[The data]

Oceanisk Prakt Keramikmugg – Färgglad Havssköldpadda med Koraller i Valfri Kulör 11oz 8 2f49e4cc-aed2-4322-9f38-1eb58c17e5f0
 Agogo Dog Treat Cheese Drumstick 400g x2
--
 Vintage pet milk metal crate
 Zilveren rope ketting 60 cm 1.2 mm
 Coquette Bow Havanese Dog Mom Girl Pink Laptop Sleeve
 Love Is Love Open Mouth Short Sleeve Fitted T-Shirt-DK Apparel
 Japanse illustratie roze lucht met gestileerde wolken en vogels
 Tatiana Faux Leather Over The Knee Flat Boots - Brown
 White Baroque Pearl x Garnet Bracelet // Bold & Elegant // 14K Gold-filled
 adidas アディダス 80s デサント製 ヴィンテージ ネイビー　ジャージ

[What you have to do] Where a line in the listing above contains "Sleeve", copy that line.

[Result for this task]
 Coquette Bow Havanese Dog Mom Girl Pink Laptop Sleeve
 Love Is Love Open Mouth Short Sleeve Fitted T-Shirt-DK Apparel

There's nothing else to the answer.